There are inevitable tradeoffs between environmental and other concerns. Cash-strapped institutions see increased recruitment of international students as one way to ease their budget crises. The carbon footprint of travel for such students is enormous. Everett and Copeland argue that building educational capacity in students’ home countries would be more positive environmentally, and in many cases politically.

Travel for research and to conferences, traditionally a large part of professional life for academics, poses another dilemma. Here, new communication technologies like teleconferencing may provide some solutions. Shifting conference schedules to longer cycles also makes sense.

Our partners in the International Labour Organization and Education International have called on unions in every sector to make climate change a priority issue. EI has called on all its members to not only “speak out strongly for urgent action,” but also to find ways to negotiate emission reductions with employers.

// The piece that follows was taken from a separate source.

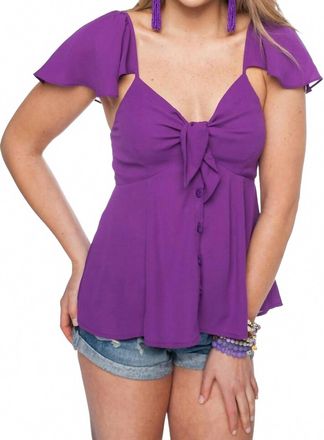 BuddyLove Purple Flirty Ruffle Top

The University and College Union in the UK has taken up this challenge. In 2007, it set out to develop an environmental network, with at least one representative at every member branch. The idea was to start small and local and then spiral outwards. A crucial first step was providing training to the reps, who in turn would provide advice to bargaining committees and joint management-labour committees on carbon emission and other environmental issues.

These first steps have been fruitful. One outcome is the innovative Climate Solidarity project, undertaken by several unions, which seeks to mobilize climate change activism on a wide scale through local orga­nizing. Last fall UCU capped these efforts with a “climate solidarity” conference.

What is exciting about UCU’s model for climate change engagement is that the strategy draws on existing networks of health and safety representatives. In Canada, we could use health and safety committees or stewards’ networks to get started. Organizing around environmental issues has the potential to become a source of potent renewal for our associations.

The urgency of climate change means we can no longer leave the job of addressing environmental concerns to “specialist” organizations or various levels of government. Every institution must be mobilized. As academic staff we need to ensure that our associations play a decisive role in helping the campus community to live more sustainably and in finding solutions to the problems posed by the environment and climate change. Our primary means of ensuring such a role remains collective bargaining and identifying potential bargaining issues related to climate change. Associations must also examine their own way of operating weighted against environmental impact.

Finally, as Everett and Copeland remind us, associations must be vigilant in protecting the rights and academic freedom of members who become vulnerable as a result of exposing institutionally-caused environmental harms.